DATA SHOWN below:

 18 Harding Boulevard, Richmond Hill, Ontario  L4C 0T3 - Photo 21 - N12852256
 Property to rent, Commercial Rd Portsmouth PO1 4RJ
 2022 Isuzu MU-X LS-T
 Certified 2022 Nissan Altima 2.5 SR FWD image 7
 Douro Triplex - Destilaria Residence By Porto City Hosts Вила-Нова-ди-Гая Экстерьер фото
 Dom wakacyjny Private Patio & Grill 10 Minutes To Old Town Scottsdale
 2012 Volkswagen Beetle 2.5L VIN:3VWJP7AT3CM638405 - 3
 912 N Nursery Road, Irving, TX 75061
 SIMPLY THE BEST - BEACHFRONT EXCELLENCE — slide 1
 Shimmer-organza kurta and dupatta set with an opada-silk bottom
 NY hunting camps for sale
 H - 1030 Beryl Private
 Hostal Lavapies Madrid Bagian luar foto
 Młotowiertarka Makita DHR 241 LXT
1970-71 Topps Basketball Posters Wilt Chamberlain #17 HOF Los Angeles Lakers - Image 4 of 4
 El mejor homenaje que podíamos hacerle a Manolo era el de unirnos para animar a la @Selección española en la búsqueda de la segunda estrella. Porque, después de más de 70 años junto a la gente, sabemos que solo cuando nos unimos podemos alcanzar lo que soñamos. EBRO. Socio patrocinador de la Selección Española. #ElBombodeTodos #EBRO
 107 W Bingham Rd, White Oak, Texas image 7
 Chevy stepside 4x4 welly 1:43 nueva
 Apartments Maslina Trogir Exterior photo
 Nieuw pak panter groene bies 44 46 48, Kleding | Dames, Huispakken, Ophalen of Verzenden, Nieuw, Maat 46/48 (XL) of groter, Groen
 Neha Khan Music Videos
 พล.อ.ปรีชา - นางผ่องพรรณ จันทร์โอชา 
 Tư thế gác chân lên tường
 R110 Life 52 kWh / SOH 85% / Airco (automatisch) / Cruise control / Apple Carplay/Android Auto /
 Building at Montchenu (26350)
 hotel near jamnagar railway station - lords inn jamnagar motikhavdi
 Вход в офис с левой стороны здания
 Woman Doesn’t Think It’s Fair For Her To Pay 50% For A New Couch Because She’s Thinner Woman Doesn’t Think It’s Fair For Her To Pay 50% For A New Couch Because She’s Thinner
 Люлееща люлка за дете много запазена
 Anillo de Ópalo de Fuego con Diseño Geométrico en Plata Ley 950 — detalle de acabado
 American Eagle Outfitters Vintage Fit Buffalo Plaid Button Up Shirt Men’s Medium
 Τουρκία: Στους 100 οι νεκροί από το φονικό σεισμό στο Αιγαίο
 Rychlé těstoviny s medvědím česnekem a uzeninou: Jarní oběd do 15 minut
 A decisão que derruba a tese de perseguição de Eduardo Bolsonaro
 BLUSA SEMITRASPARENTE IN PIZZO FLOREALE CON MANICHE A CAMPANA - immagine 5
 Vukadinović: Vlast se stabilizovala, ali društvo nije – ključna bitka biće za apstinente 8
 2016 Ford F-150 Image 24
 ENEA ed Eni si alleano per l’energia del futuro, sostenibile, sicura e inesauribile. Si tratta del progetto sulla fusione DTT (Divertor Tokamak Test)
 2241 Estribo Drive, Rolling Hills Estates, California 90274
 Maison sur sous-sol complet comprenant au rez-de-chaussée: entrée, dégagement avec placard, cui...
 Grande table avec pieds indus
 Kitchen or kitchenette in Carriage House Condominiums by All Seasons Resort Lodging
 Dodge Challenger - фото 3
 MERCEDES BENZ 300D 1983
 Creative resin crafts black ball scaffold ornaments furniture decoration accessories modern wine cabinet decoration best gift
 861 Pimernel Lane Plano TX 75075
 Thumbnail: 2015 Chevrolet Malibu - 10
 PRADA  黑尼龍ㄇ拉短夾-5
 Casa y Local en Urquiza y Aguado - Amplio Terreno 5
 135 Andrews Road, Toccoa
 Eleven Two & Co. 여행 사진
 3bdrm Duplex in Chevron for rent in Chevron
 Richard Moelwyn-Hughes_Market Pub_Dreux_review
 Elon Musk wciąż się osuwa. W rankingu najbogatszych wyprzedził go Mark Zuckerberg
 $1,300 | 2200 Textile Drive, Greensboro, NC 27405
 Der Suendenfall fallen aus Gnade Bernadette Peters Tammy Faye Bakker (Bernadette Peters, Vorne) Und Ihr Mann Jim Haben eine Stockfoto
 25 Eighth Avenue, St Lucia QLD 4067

End of DATA SHOWN.

EXERCISE REQUIREMENTS —
Take every line from the one containing "Greensboro, NC 27405" to the end of the listing and output it exactly, with nothing else.

TASK SOLUTION —
 $1,300 | 2200 Textile Drive, Greensboro, NC 27405
 Der Suendenfall fallen aus Gnade Bernadette Peters Tammy Faye Bakker (Bernadette Peters, Vorne) Und Ihr Mann Jim Haben eine Stockfoto
 25 Eighth Avenue, St Lucia QLD 4067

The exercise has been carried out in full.